Spinach: does anyone really love eating it raw?


I imagine those mixed leaf salads every café and bistro seems to serve—at least in Sydney—are cheap and easy to throw together. No cooking skill required, and here’s hoping half a plate of miscellaneous leaves will disguise the smallness of the accompanying quiche or pie or whatever. One café lunch—before I got wise to the raw spinach thing—I ordered smoked salmon. When it arrived you needed a search party to find it amongst the acres of salad leaves.

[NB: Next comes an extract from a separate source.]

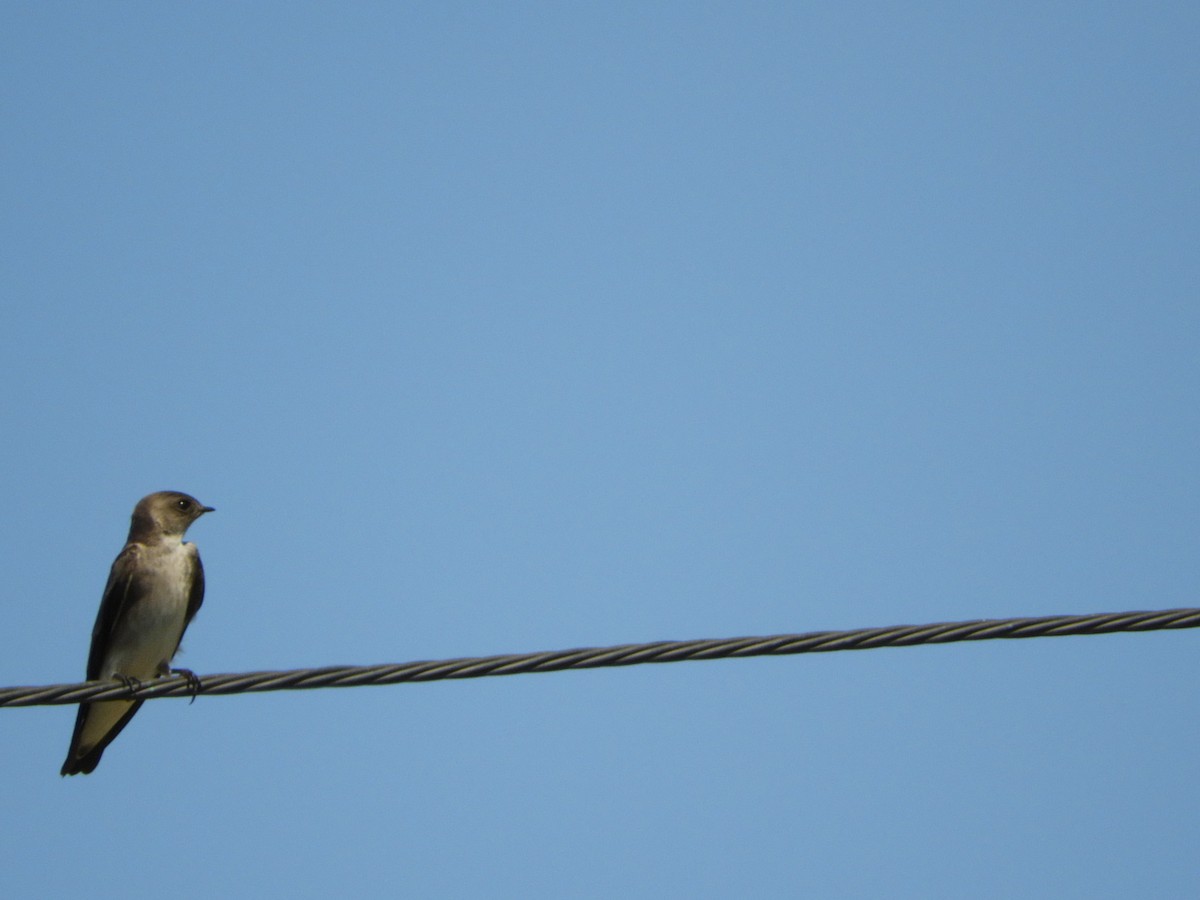 Northern Rough-winged Swallow - ML85744491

It would be a real pity if this preponderance of raw leaves put people off spinach because it’s a wonderfully versatile and tasty vegetable. As well as a nutritious one. And it’s so quick to cook. Stir-fry it with garlic and chilli; steam it and serve with pepper, nutmeg, grated Parmesan and the merest dash of butter or light cream; steam and serve cold as a Korean style side-dish with drizzles of sesame oil and soy. Mix it with cheese, egg and parsley in a Turkish börek or a Greek spanakopita. And saag aloo, a dry spinach and potato recipe from northern India is simple to make and a sure-fire favourite.

Spinacia oleracea originated in Persia and the name ‘spinach’ comes via Arabic from an old Persian word aspanākh.

When I was first in Australia, what’s called English spinach wasn’t widely available. I had to substitute silver beet, which is fine in itself (I like all leafy greens if they’re cooked) but it has its own taste and texture and they’re not the same as Spinacia oleracea. Luckily the spinach called English is now in ready supply. Is it Asian cooks and market gardeners we have to thank for this? I bet it is.

The only other thing to say about spinach is that it’s a terrible shrinker. When you cook it, it reduces to less than 15% of its original volume. Which may be why so many restaurants and cafés opt to serve it raw—no shrinkage.